The exhibition presents new commissions and recent works by Yani aviles, Chloe P. Crawford, Nat Decker, Jeff Kasper, Carly Mandel, Jeffrey Meris, and Libby Paloma. Mandel’s
Waiting Room (2025) is an abstracted bead maze of the kind seen in doctors’ offices to calm waiting children. The sculpture gestures towards coping mechanisms and forms of resistance within institutional spaces. In the installation
The Odyssey (2025), Crawford documents her insurance claims process to procure a new electric wheelchair, a work that manifests as a contemporary journey through privatized healthcare. Decker’s installation
WE KEEP US SAFE (2025) features a power chair covered in chainmail with a cane-sword, referencing the care and support the artist received while navigating a protest on a university campus using their power chair.
Libby Paloma, Besidedness, 2020–21 (still). Video. From the series Misery Loves Company. Courtesy the artist
Artists, activists, and scholars such as Amanda Cachia, torrin a. greathouse, and Mev Luna will contribute to both the publication and the programming, with the programming facilitating dialogue with disabled community members local to each venue.
Laurel V. McLaughlin, PhD, is a writer, curator, art historian, and educator, working as Curator and Director of the Collective Futures Fund at Tufts University Art Galleries. Her curatorial work focuses on contemporary research-based sculpture, installation, new media, and social practice works concerning formal liminalities, globalized migration, and ecological networks. McLaughlin has curated the exhibitions Mira Dayal: conjunctions (2025); Ulises: Assembly (2024); Waste Scenes (featuring Maia Chao and Fred Schmidt-Arenales) (2024); Bergman & Salinas: Against the General Good/ Contra El Bien Generalxi (2022); and Emilio Rojas: tracing a wound through my body (2021), among others. Her curatorial work has been supported by the Terra Foundation for American Art, the Helen Frankenthaler Foundation, and the Dutch Consulate of New York. She is currently undertaking a 2022 Andy Warhol Foundation Curatorial Research Fellowship.

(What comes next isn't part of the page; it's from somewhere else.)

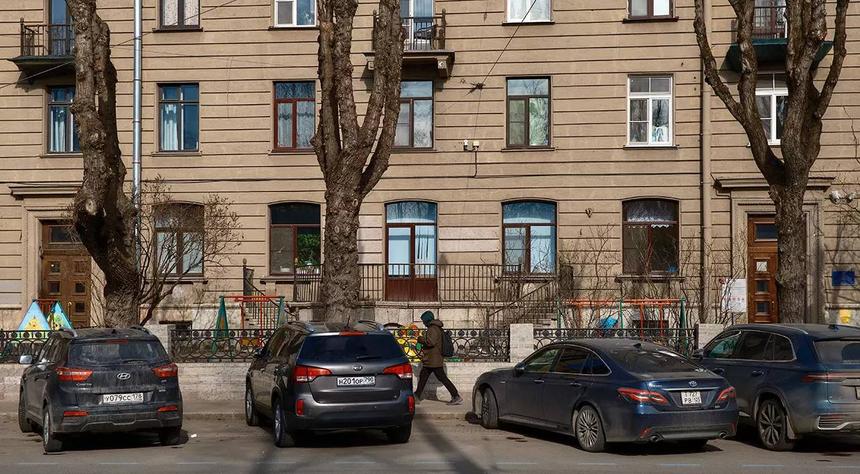 Платную парковку у жилых домов могут запретить на федеральном уровне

Tanya Gayer is Associate Curator at the John Michael Kohler Arts Center in Sheboygan, Wisconsin. Her curatorial projects and research examine history-making processes embedded in archives, databases, and algorithmic categorizations to consider their impact on the formation of identity and culture. Recent exhibitions include: Familiar Texture: The Fibers of Childhood and Home (2025); Sarah Rowe: Water Ledger (2025); Workplace: Justin Favela (2024); Sunny Leerasanthanah: Naturalization (2023); Morehshin Allahyari: ماه طلعت Moon-faced (2023); and Angela U. Drakeford: In bloom at the end of the world (2022). She has contributed catalogue essays for René Treviño: Stab of Guilt (2024, The Ruth and Elmer Wellin Museum of Art, Clinton, NY); Alexandra Robinson: Delimitations, or words to live by (2022, Women & Their Work, Austin, TX); Rhonda Holberton: Still Life (2017, CULT Aimee Friberg, New York); and Martin Wong: Painting is Forbidden (2015, CCA Wattis Institute for Contemporary Arts, San Francisco), among others.